### Dataset excerpt
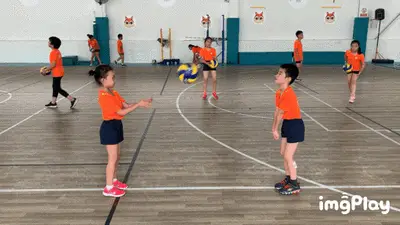 2025成都乒联混团世界杯，中国8-0胜韩，日8-3胜德，张本智和状态不佳，恐难晋级决赛。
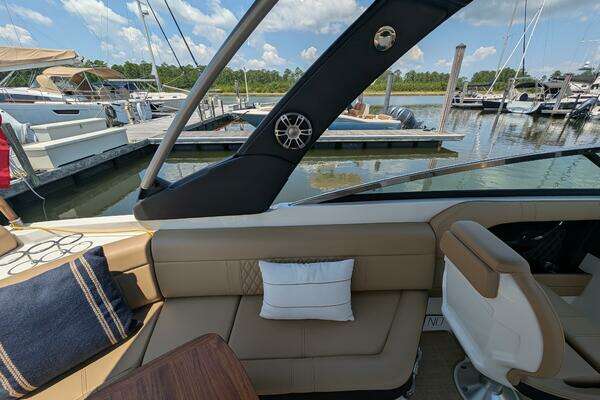 2023 Sea Ray 28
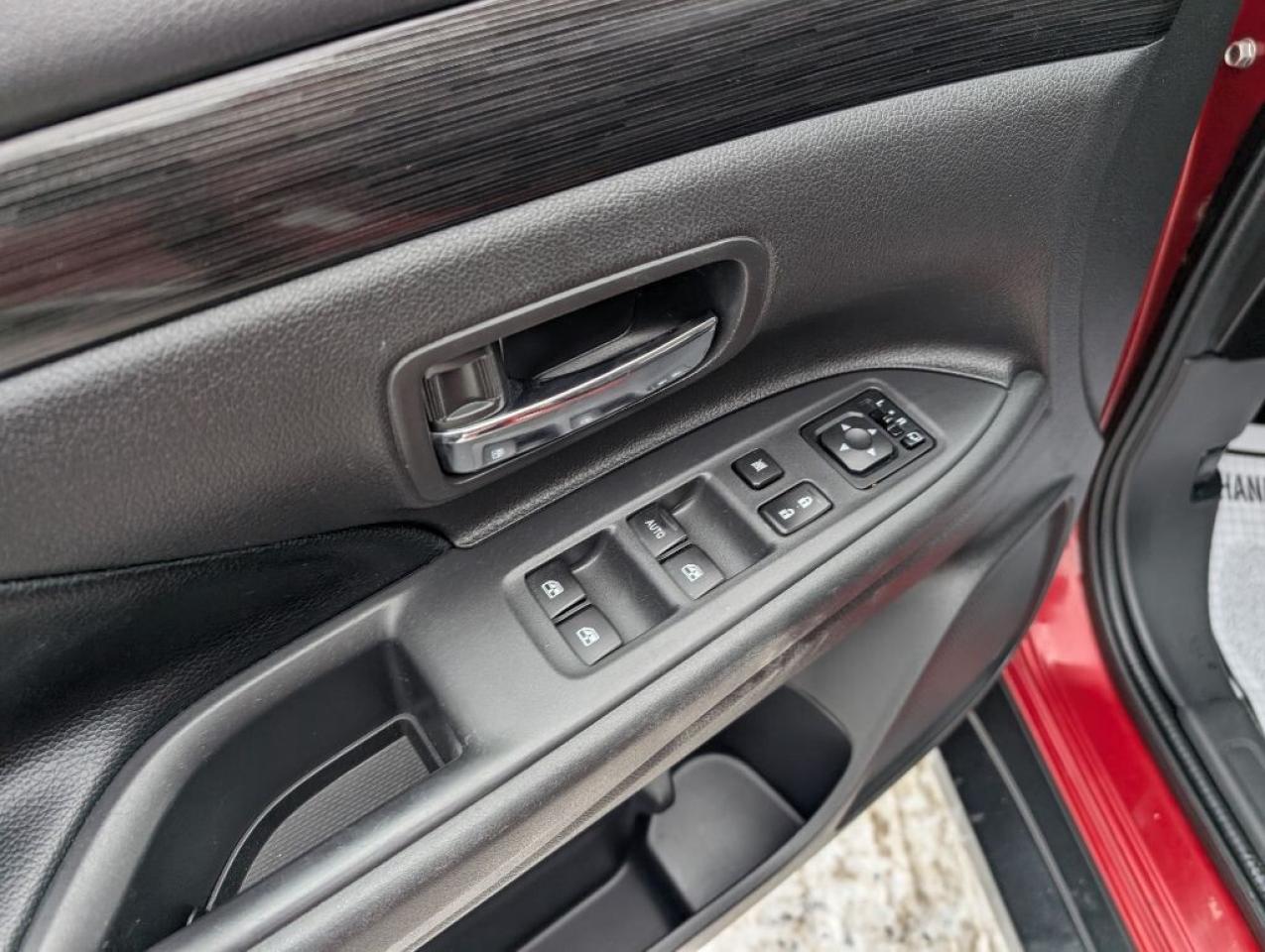 2017 Mitsubishi Outlander ES AWD   LEATHER   SUNROOF   CAMERA Photo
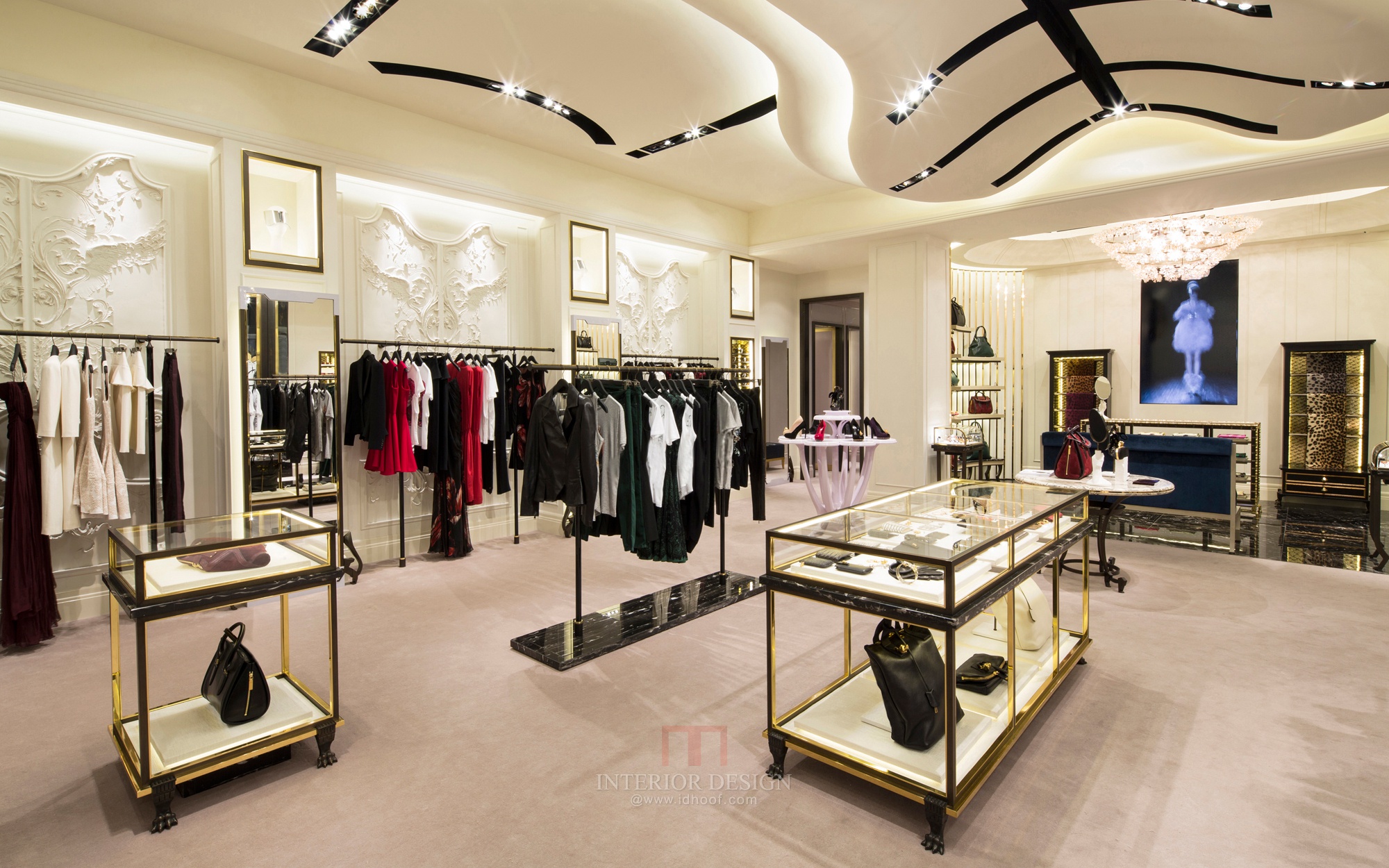 商店 McQueen David Collins 服装 A-8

### Problem details
Every line above is to be given again exactly, apart from the pictures.

### Task output
 2025成都乒联混团世界杯，中国8-0胜韩，日8-3胜德，张本智和状态不佳，恐难晋级决赛。
 2023 Sea Ray 28
 2017 Mitsubishi Outlander ES AWD   LEATHER   SUNROOF   CAMERA Photo
 商店 McQueen David Collins 服装 A-8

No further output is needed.